La estreché el 10 de septiembre de 1979, al atardecer, en la Casa Rosada, como campeón mundial juvenil en Tokio. Su pulgar romano se llevó por delante 30.000 almas en la noche más oscura, más siniestra y tenebrosa de nuestro país.
Aquella "Mano" no fue la metáfora de un genocidio, fue el genocidio; y se convirtió en un sueño recurrente de emociones encontradas: la de un equipo inolvidable, sublime y eterno por un lado; y la certeza inequívoca de haber sido el instrumento útil del silencio mediático de una masacre.

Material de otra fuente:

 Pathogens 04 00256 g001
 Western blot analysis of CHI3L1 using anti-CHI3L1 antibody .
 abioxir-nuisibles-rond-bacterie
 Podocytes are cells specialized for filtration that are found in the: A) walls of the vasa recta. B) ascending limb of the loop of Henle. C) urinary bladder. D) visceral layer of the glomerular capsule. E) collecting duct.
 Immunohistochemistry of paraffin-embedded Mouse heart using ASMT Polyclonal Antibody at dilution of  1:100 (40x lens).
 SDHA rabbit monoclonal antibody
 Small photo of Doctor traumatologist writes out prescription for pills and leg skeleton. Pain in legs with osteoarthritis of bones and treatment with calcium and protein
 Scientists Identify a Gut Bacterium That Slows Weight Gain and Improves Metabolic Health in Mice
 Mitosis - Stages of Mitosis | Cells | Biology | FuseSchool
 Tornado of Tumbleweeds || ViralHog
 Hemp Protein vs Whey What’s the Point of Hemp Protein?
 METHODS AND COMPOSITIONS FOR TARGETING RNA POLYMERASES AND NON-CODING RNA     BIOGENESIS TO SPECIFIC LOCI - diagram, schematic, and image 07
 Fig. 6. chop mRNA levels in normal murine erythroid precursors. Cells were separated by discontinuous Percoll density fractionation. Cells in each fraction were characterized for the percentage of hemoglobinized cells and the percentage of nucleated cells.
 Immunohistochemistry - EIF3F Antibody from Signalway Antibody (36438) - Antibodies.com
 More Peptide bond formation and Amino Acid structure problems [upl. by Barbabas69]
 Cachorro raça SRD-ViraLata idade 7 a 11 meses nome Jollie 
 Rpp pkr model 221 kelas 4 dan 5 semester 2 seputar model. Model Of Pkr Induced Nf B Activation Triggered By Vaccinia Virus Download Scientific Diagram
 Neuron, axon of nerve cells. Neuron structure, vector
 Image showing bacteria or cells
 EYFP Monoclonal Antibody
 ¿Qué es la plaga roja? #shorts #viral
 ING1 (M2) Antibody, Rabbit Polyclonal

En su obsesión divina "La Mano" se adueñó de la frágil esencia del éxtasis y de la agonía. Se perfeccionó en volar. Con la premura de lo improvisado los pibes exitosos viajamos en helicópteros "Apaches" de Aeroparque a Atlanta, mientras los otros pibes, también en helicóptero, "viajaban" en dirección contraria: el Río de la Plata.
Poco tiempo después descubrí, con la ingenuidad del desánimo, lo tristemente calculado que estuvo todo. La Plaza, antaño dormida por la muerte, amaneció festiva engrasada por plumas y micrófonos cortesanos inquisidores de derechos y humanos. La maquinaria del Estado al servicio del terror.
Al final, aquel apretón de manos duró tan solo unos segundos. Unos segundos eternos, eternos de barbarie y desolación. Después "La Mano" se retiró de la mía con firmeza castrense. Fue en busca de otras manos. Fue en busca del odio, del dolor, de la locura.
40 años después los pibes exitosos volvimos a juntarnos, ahora sin inocencias, sin ingenuidades. A los otros pibes, todavía se los sigue buscando.
*Ex futbolista de Unión y Vélez, campeón del Mundial de Tokio 1979.